Mme Eva Sas, rapporteure. Que pensez-vous de l’action de la BPI dans ce secteur ?

M. François Moisan. Dans le cadre du fonds Écotechnologie, la BPI a une thèse d’investissement très prudentielle. Et je pense qu’elle considère avoir rempli sa mission puisque certaines des sociétés dans lesquelles elle a investi sont maintenant cotées en bourse. La logique de ce fonds consiste effectivement à réussir l’investissement financier et à avoir un retour sur investissement. Telle est aussi la logique de l’investisseur avisé.

Toutefois, un investisseur avisé, s’il est dans les mêmes conditions qu’un investisseur privé – sinon ses investissements seraient requalifiés comme aides d’État –, peut prendre plus ou moins de risques. Encore une fois, de notre point de vue, la BPI applique une règle très prudentielle. Nous considérons plutôt que ses interventions relèvent de la politique industrielle, l’objectif étant que la BPI prenne des risques pour que des entreprises françaises soient présentes dans un secteur donné, non pas au détriment des retours financiers mais en apportant des nuances à sa thèse d’investissement. Si l’on n’a pas d’ambition de politique publique, que l’on soutienne du numérique, des biotechnologies ou des écotechnologies, on peut considérer que ce seront les opérations innovantes les plus sûres qui émergeront en France. Mais à l’ADEME, nous estimons qu’il faut viser les objectifs de la transition énergétique, qui découlent de la COP21 et qui, de toute façon, à terme, s’imposeront à nous. Nous savons que certaines technologies ont leur chance d’être développées. Le risque à prendre n’est donc pas forcément du même ordre mais reste avisé. Cela dit, le caractère avisé des uns n’est peut-être pas tout à fait le même que celui des autres.

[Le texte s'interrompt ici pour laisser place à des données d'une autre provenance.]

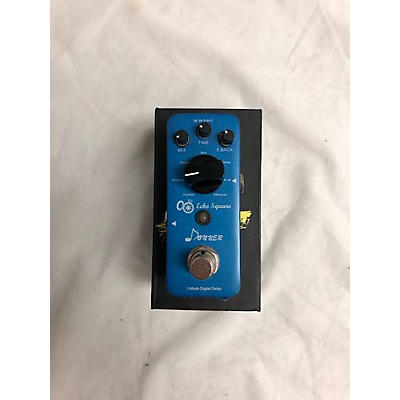 Donner ECHO SQUARE Effect Pedal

Mme Fantine Lefèvre. Pour résumer, il importe d’assurer un continuum entre modes de financement, en mettant l’accent sur les fonds propres, le capital-risque et le soutien au premier de série. Mais tous les projets ne répondent pas à un seul outil, et il faut aussi proposer des subventions et des avances remboursables. Le continuum doit être assuré sur l’ensemble des filières que nous avons déjà pu aider. Certaines entreprises qui, dans un premier temps, auront eu besoin de fonds d’amorçage, nécessiteront, en grandissant, un soutien de financement au fur et à mesure de la maturation de leurs projets. Voilà ce que nous recherchons : assurer à la fois la diversité des modes de financement et ce continuum au service des entreprises qui rentrent dans la transition écologique et énergétique.

Mme Eva Sas, rapporteure. Je vous remercie beaucoup pour vos interventions.